If I had a bad week—one of those weeks that impoverishes the spirit, I knew that, through indoor cycling, I could throw ballast back to the other side, the right side of whichever side I was on, and find my equilibrium. Sometimes it was the encouraging, spiritually nourishing mantras recited by the many excellent instructors at the Life Time Fitness in Highland Park that put pep back into my step. Always, without fail, it was the punishing workouts that left me gasping for breath, way beyond my lactic threshold, and begging for more.

I have heard it said that if you want to get in shape, really good shape, you have to suffer. You have to love to suffer. And I have fallen in love with it.

Don’t get me wrong. I am as prone as the next guy or gal, perhaps even more so, to succumbing to the temptations of the grape and losing myself in a bottle of Malbec. I ain’t no saint.

But, perhaps like most pilgrims at some time or another, I have found myself at a crossroads. Spinning season is over. For me, anyway. The classes that worked with my schedule, the classes that I’m likely to attend, have been mothballed until the fall.

Now, it’s all up to me.

For the next three months, I will not be spurred on by the exhortations of my spinning instructors to add more resistance and pedal faster. Nor will I have regular weekly classes to remind me that tonight I had better not overdo it if I want to survive in class tomorrow.

What’s to stop me deleting from my summer schedule tomorrow’s ride that I promised myself when tonight’s Chianti is singing its siren’s song?

I surely do not wish to lose the fitness that I have worked so hard to attain over the last five months.
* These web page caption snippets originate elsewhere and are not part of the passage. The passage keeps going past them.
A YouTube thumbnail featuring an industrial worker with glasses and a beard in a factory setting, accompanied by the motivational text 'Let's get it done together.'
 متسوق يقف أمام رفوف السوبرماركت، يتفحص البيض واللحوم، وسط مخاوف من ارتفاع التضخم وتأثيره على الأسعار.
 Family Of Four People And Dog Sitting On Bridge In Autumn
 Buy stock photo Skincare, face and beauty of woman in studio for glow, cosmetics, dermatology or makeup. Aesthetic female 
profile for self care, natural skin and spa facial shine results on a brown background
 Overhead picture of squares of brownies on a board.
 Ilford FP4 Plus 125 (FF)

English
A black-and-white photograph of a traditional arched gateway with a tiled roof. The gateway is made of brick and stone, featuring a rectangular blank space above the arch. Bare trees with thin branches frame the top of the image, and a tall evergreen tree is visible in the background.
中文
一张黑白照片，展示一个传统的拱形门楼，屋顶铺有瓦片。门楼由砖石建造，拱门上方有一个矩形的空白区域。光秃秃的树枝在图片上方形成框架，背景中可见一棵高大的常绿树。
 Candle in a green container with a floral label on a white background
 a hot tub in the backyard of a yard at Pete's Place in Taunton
I could not have imagined last December that I would be able to match some of my spinning instructors pedal stroke for pedal stroke like I can now. Back then, I was struggling just to stay in contact with the peloton, to put it into pure cycling terms, and now, I often break away.

I suppose the two best tools for maintaining my current level of fitness are a mirror and a scale. They will tell me if I’ve indulged too much and suffered too little.

So, I better stay after it this summer, because I wouldn’t want to return to spinning class in the fall to discover that I have fallen out of shape and be forced to repeat that Sisyphean feat all over again.